Over Halfway to Victory on the Smokefree Air Challenge

In January 2006, the American Lung Association issued its Smokefree Air Challenge, calling on all states and localities to pass comprehensive legislation prohibiting smoking in all public places and workplaces. As of January 2, 2010, 26 states and the District of Columbia have met the Lung Association's challenge. Many more states have failed to take action, however. As a result, millions of Americans still are exposed to secondhand smoke, despite overwhelming evidence that it causes premature death and disease.

In 2009, three additional states met the Smokefree Air Challenge and brought the U.S. over the half-way point: Michigan, South Dakota and Wisconsin passed comprehensive laws protecting their citizens from exposure to secondhand smoke. They highlight the recent trend of states in the middle part of the country passing comprehensive smokefree laws.

Elected officials in North Carolina, which is headquarters to two major tobacco companies, showed tremendous political will in 2009 and demonstrated how much the state has changed. The legislature passed a bill prohibiting smoking in restaurants and bars. North Carolina's new law is not comprehensive, as it does not protect workers in other public places and workplaces from exposure to secondhand smoke.Yet it represents a major step forward.

For more information on which states have passed comprehensive smokefree laws, go to: www.stateoftobaccocontrol.org

It is important to note that the law also partially repeals statewide preemption, which will allow cities and towns to pass even stronger laws that will protect more North Carolinians.

Unfortunately, elected officials in neighboring Virginia missed a historic opportunity in 2009 to pass comprehensive legislation protecting workers and the public from secondhand smoke. In February, Governor Kaine signed into law a bill to restrict smoking with provisions that permit the continued exposure of workers and the general public to secondhand smoke, imperiling their health. The law carves out exemptions for private clubs and smoking rooms/areas in restaurants. These provisions also will make enforcement challenging and costly. Elected officials also failed to repeal preemption. As a result, Virginia cities and counties will continue to be prohibited from passing comprehensive laws fully protecting workers and citizens from secondhand smoke.

"Evidence from peer-reviewed studies shows that smoke-free policies and regulations do not have an adverse economic impact on the hospitality industry."
— 2006 Surgeon General's Report

Legislatures in Indiana, Kansas and Texas debated comprehensive smokefree air legislation, but elected officials ultimately lacked the political will to pass these bills. Iowa, Minnesota, Ohio and Oregon beat back attempts to weaken their comprehensive smokefree laws.

Defying extensive scientific evidence, opponents continue to spread the fiction that smokefree laws have a negative economic impact on restaurants and bars. This myth, perpetuated by the tobacco companies and their allies in state after state, has been repeatedly disproved through careful analysis of sales tax receipts, bar and restaurant licenses and other quantitative measures. It is especially critical in these troubled economic times that elected officials be aware of the evidence refuting these false economic impact claims. Elected officials must be well informed in order to ensure that comprehensive laws are not scuttled by factually inaccurate arguments.

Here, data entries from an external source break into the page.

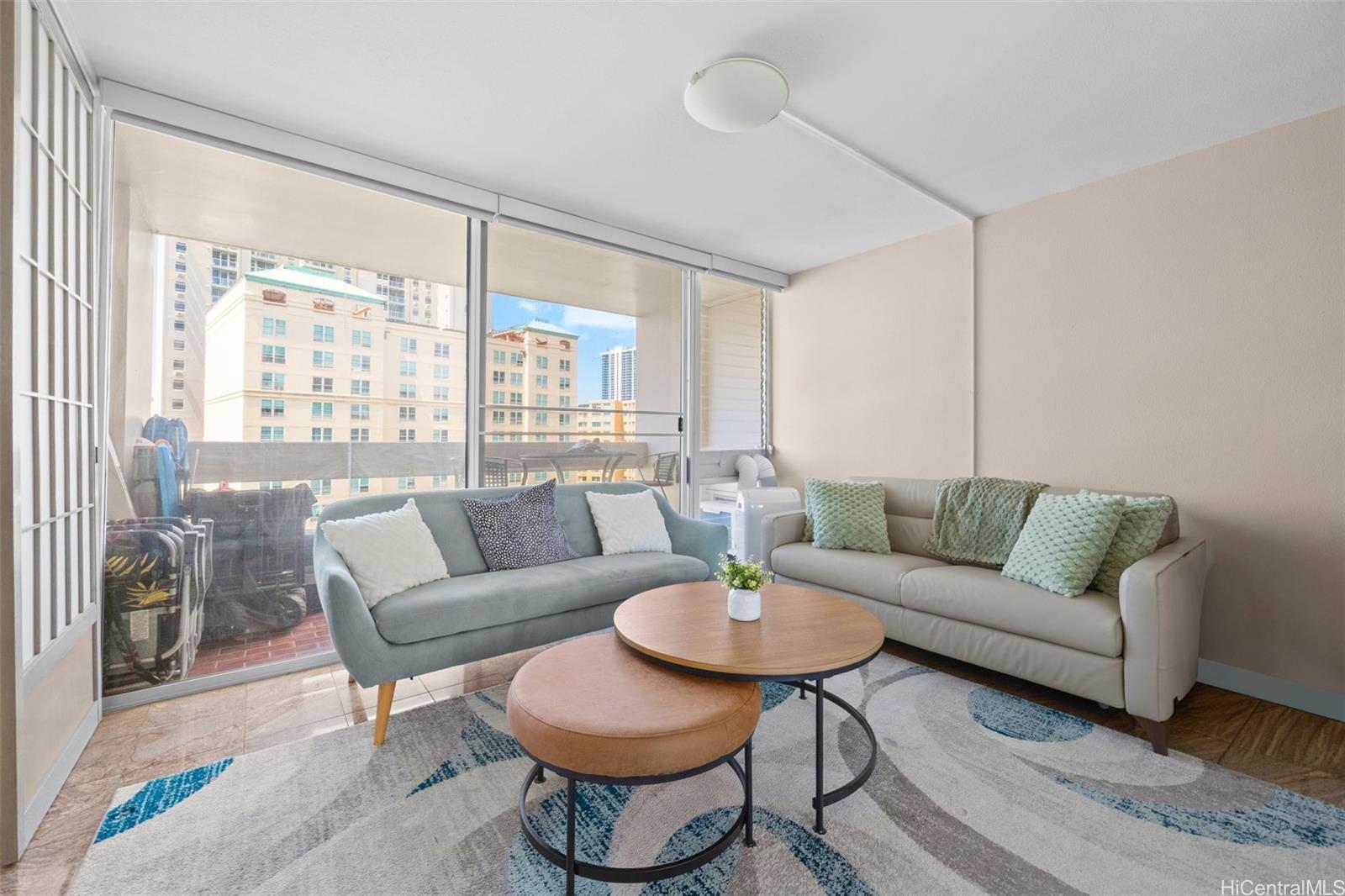 1212 Punahou Street  Unit 1008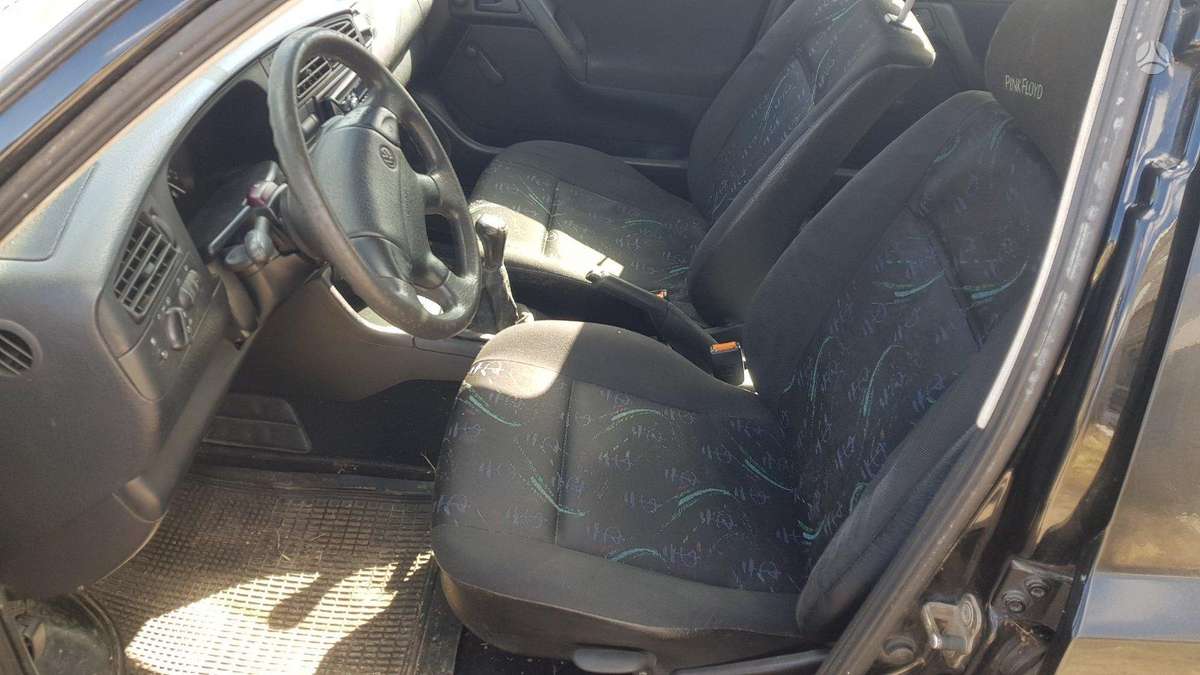 Volkswagen Golf rezerves daļās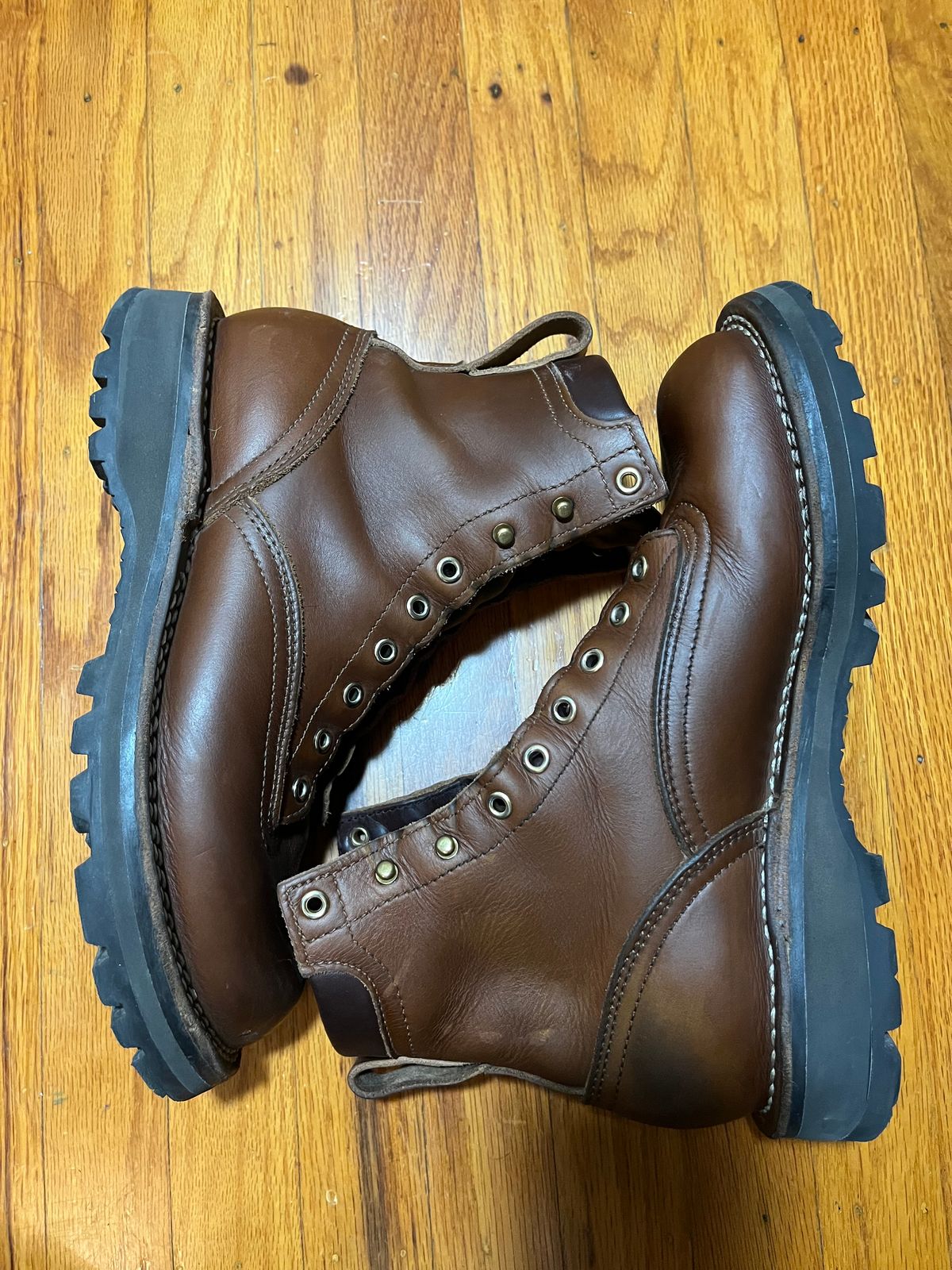 Photo by tomsbarkingdogs on August 28, 2025 of the Nicks Gamebreaker in Horween Shackleton Cognac.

There was mounting evidence in 2009 that smokefree laws improve the health of workers and the general public. A new report by the Institute of Medicine, Secondhand Smoke Exposure and Cardiovascular Effects: Making Sense of the Evidence, was released in October. This report confirmed that secondhand smoke is a cause of heart attacks. The report also concluded that there is no safe level of exposure to secondhand smoke, and that even relatively brief exposure can cause a heart attack.6

 


6 IOM (Institute of Medicine). Secondhand Smoke Exposure and Cardiovascular Effects: Making Sense of the Evidence. Washington, DC: The National Academies Press. 2009.